Two dedications to Liber Pater and two to Dionysus come from Noаve, the camp of the First Italian Legion. The earliest monument, like the Oescus inscription already discussed, is dedicated to Liber Pater. It represents a reused base for a limestone statue (height ca. 2 m). In the text under consideration the god is called Conservator (guardian, savior), but in addition to this he bears the adjectives Deus (god) and Sanctus (sacred). In contrast to the Oescus dedication, here Liber Pater is the guardian not only of the Augustans and Caesars, but also of the entire First Italian Legion. The statue of the god was dedicated by Aurelius Porphyrius of the Phoenicia province. The part of the inscription in which his office has been inscribed is damaged, but it may be assumed with great certainty that he was a primipilarius. Here again, there are no any clues for a more precise dating of the monument. As the god is the guardian of the two augusti and two caesars the publisher of the inscription T. Sarnowski suggests that it dates from the period 293–311.[16]

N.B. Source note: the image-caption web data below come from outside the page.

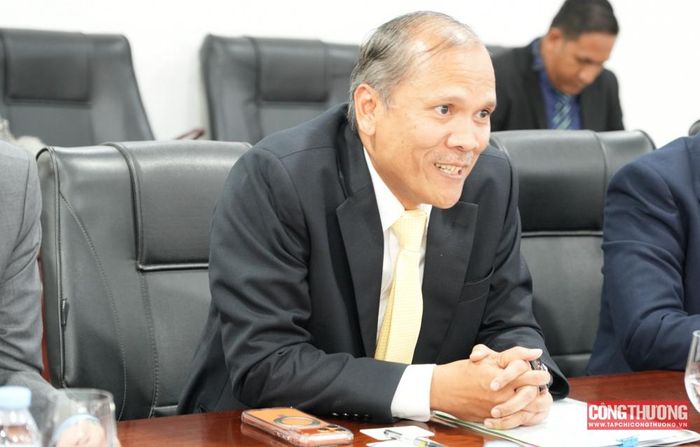 Ông Dato’ Sri Haji Mad Zaidi bin Mohd Karli, Tổng Thư ký, Bộ Chuyển dịch Năng lượng và Chuyển đổi Nước Malaysia (PETRA).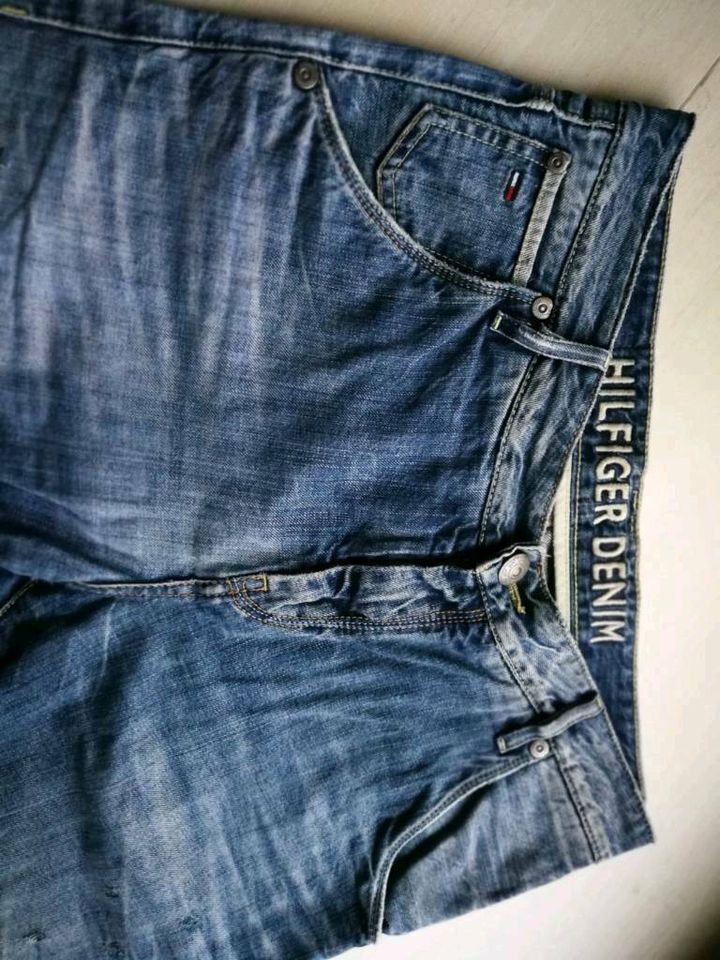 Jeans Tommy Hilfiger W34 L34 in Rennerod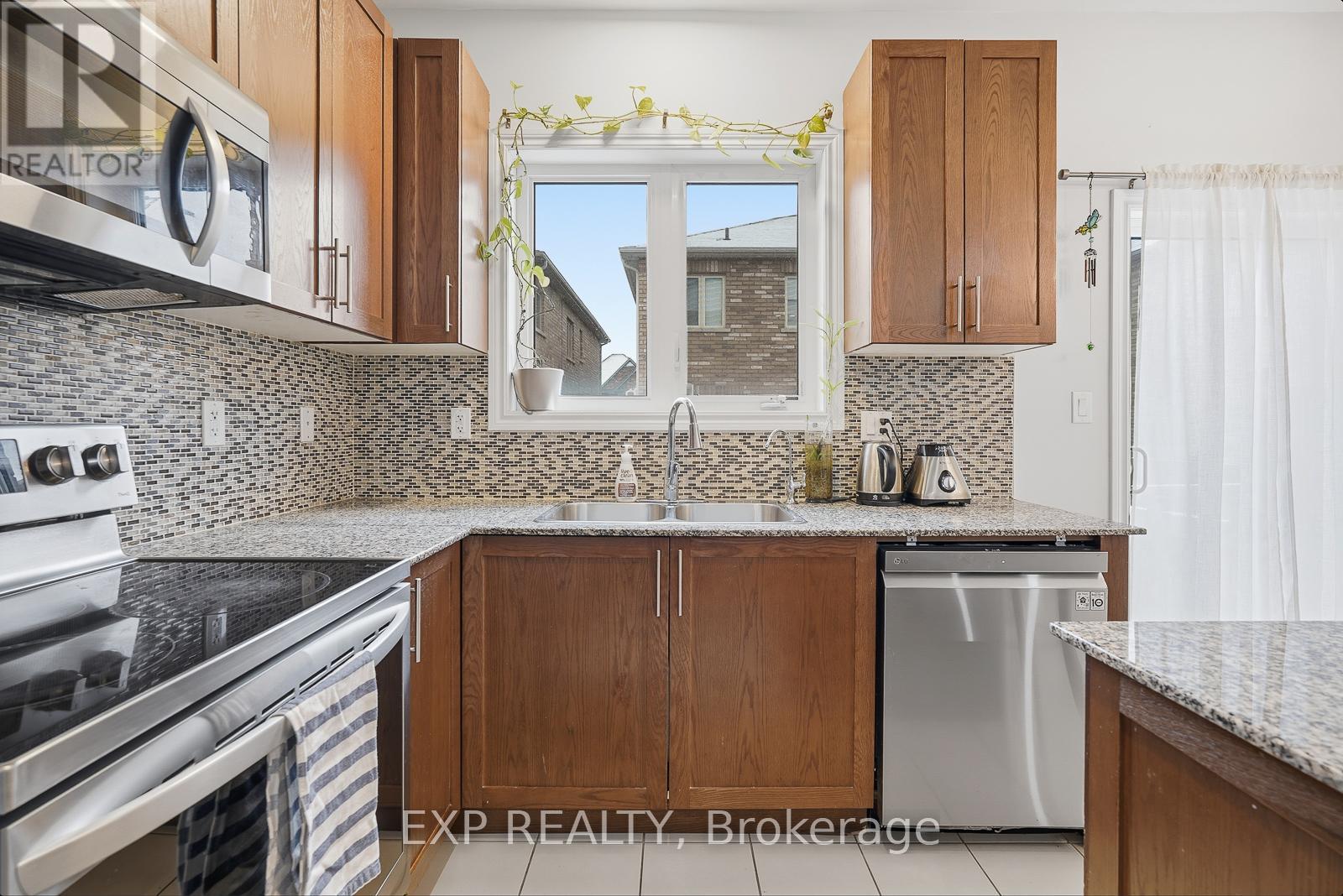 138 Agava Street, Brampton, Ontario  L7A 4R9 - Photo 9 - W12693988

The second dedication to Liber Pater from Novаe has not been published. It is known to have been dedicated by a person with the name Valerius Chaereas, a native of Phoenicia. Like the three examples discussed so far, he also held the office of primipilarius.[17] It is not clear whether Liber Pater bears the adjective conservator in this case too.
The last two monuments from Novаe are dedicated to Dionysus. Both are bases for statues of the deity. The first of them is a reused limestone slab (height 1.23 m, width 0.455 m., depth 0.26 m). The name of the venerated deity has not been preserved, its identification with Dionysus is without any doubt due to the adjectives: son of Semele, crowned with ivy wreath and twice-born. The primipilarii Theodore and Palladius of the province of Helespontus took care of the erection of the statue. The monument was dedicated following the accomplishment of their duties of providing the army with food for the victories of the two emperors. As a dating element, the inscriptions mentions the indiction during which the above-mentioned primipilarii performed their services. On this basis and because of the mention of two Augusti and at the same time due to the lack of a consular date, the monument has been dated to the years 348/349 or 363–364.[18] The last monument, a statue of Dionysus again, has been erected by Flavius […]an[19] a primipilarius of the already mentioned province of Hellespontus. As in the previous inscription, the god is defined as bestowing victories, but also fruits.[20]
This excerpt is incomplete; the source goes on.